If you measure the weight of a person, you probably express this in a unit like kilograms, pounds, stones, etc.
But what you are in fact doing is comparing the person’s weight against a standardised measurement unit of weight, called a metric.
A metric is a unique way to define what you want to measure. When weighing a person, you perform an action on the person, the action called ‘measurement’. The action is based on the metric and the result of the measurement is expressed in the metric.
After the action what is left is the result of the measurement, the measure.
In short, a metric is a unit definition, used in the action of measuring. The result of a measurement is compared to this metric, leading to a unique and uniform and common understandable measure.

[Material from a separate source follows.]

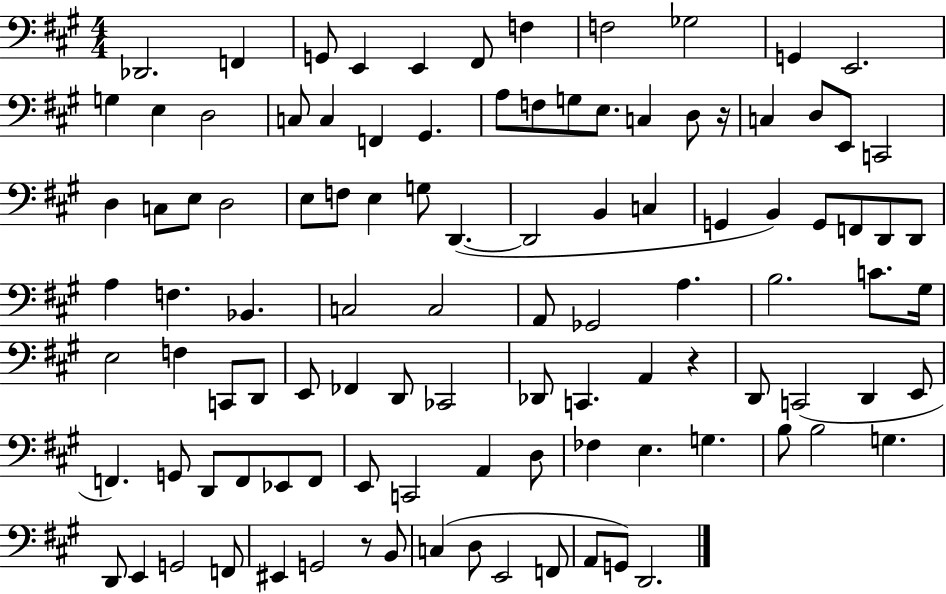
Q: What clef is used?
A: bass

But, that is only one direction, from definition to action to result, but there is also the reversed direction.
Sometimes it is necessary to put (counter)measures in place, reactions on a situation that occurs, most of the time when the result of a measurement shows that certain boundaries were (not) reached, depending the situation.
These boundaries are often referred to as (entry and/or exit) criteria.
E.g. The music is too loud and exceeds the allowed boundaries, therefore you have to put the volume down.
It is this flow of events that leads to the common believe that what you measure, you better understand, you can control and what you can control , you can improve. If you can’t measure it, you can’t understand it, you can’t control it and therefore can’t improve it.
“Measurement is the first step that leads to control and eventually to improvement. If you can’t measure something, you can’t understand it. If you can’t understand it, you can’t control it. If you can’t control it, you can’t improve it.” – H. James Harrington
But, what happens if you encounter a situation where the maths are not that simple. E.g. performance of a company, an ecological system, traceability in software testing, etc.
In that case it all starts with the definition, the metric, of what you want to measure and often you will find out that you need multiple comparisons, multiple units/metrics, but that it is still possible to break down what you want to measure to a number of measurements, giving you a unique and uniform view on what you are measuring and allowing you an objective way of evaluating the situation.
Again, this is easier to explain with an example. Let’s have a look at traceability in software testing.
We start from the assumption that every requirement needs to be covered (is traceable to) by at least 1 use case, 1 use case needs to be covered by at least 1 positive test suite and 1 positive test suite must be covered by at least 1 test case.
I know, that this is probably not the way you are setting up your testing, but bare with me just for the example.
In the above setup I will be measuring :
- how many percent of requirements are covered by a use case
- how many percent of use cases have at least 1 positive test suite
- how many test suites are covered by at least 1 test case
These 3 numbers give me a pretty good view starting from requirements.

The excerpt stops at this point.